Try it: Omit the pictures. Transcribe exactly the lines below, from the one with "Fine Knit Striped Cardigan" up to and including the last.

Available data:
● ● ●

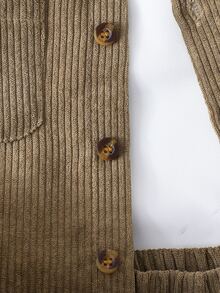 2pcs/Set Boys Casual Corduroy Fabric Long Sleeve Shacket And Pants Set, Suitable For Spring/Autumn Daily Casual Wear, Suitable For Autumn/Winter Young Boy Outfit, Comfortable Fabric, Fashionable Fit, Spring/Summer New Style, Suitable For Multiple Seasons And Occasions - Khaki - View 3
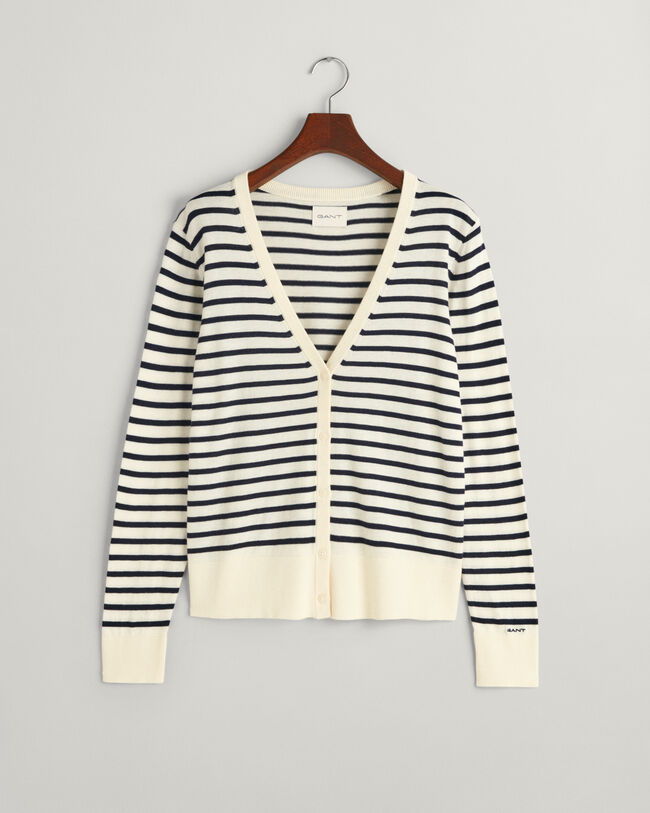 Fine Knit Striped Cardigan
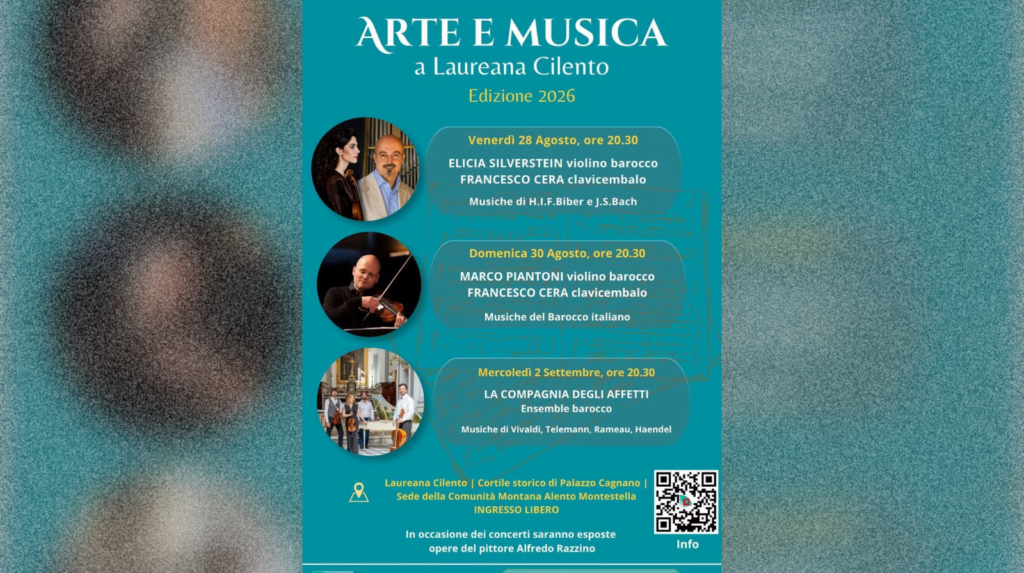 Laureana Cilento, la musica barocca protagonista a Palazzo Cagnano con tre concerti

● ● ●

Solved problem:
 Fine Knit Striped Cardigan
 Laureana Cilento, la musica barocca protagonista a Palazzo Cagnano con tre concerti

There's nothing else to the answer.